Deploying to Cloudflare Workers
Cloudflare offers an entire AI stack at the edge.
- Workers: Serverless code.
- Workers AI: Inference (Llama 3, Whisper, Stable Diffusion).
- Vectorize: Vector database.
- AI Gateway: Analytics and caching.
Workers AI (Inference)
Run Llama 3 directly on Cloudflare's GPUs.
javascript
// worker.js
import { Ai } from '@cloudflare/ai';
export default {
async fetch(request, env) {
const ai = new Ai(env.AI);
const response = await ai.run('@cf/meta/llama-3-8b-instruct', {
messages: [
{ role: 'user', content: 'Tell me a joke about clouds' }
]
});
return new Response(JSON.stringify(response));
}
};Setup (Wrangler)
- Install Wrangler:
npm install -g wrangler - Login:
wrangler login - Init:
wrangler init my-ai-app - Bind AI in
wrangler.toml:toml[ai] binding = "AI"
Storage (R2 & Vectorize)
- R2: S3-compatible storage. Great for storing user uploads (PDFs, Images).

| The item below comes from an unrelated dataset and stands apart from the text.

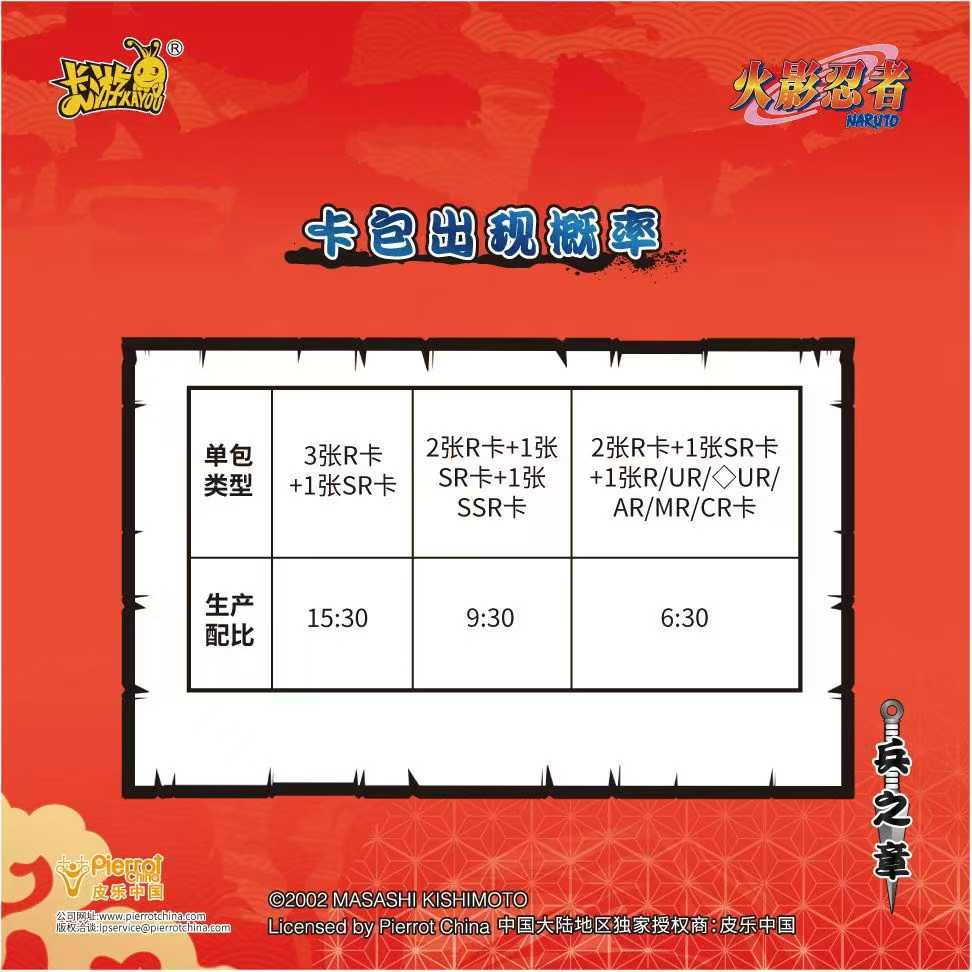 Коллекционные карты KAYOU Naru – обзор и цена Board Game Naruto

- Vectorize: Store embeddings for RAG.
javascript
// Inserting into Vectorize
await env.VECTOR_INDEX.insert([
{ id: '1', values: [0.1, 0.2, ...], metadata: { text: 'hello' } }
]);Pricing
Workers AI has a generous Free Tier (currently ~10k requests/day for some models). It is often significantly cheaper than OpenAI for small/medium models.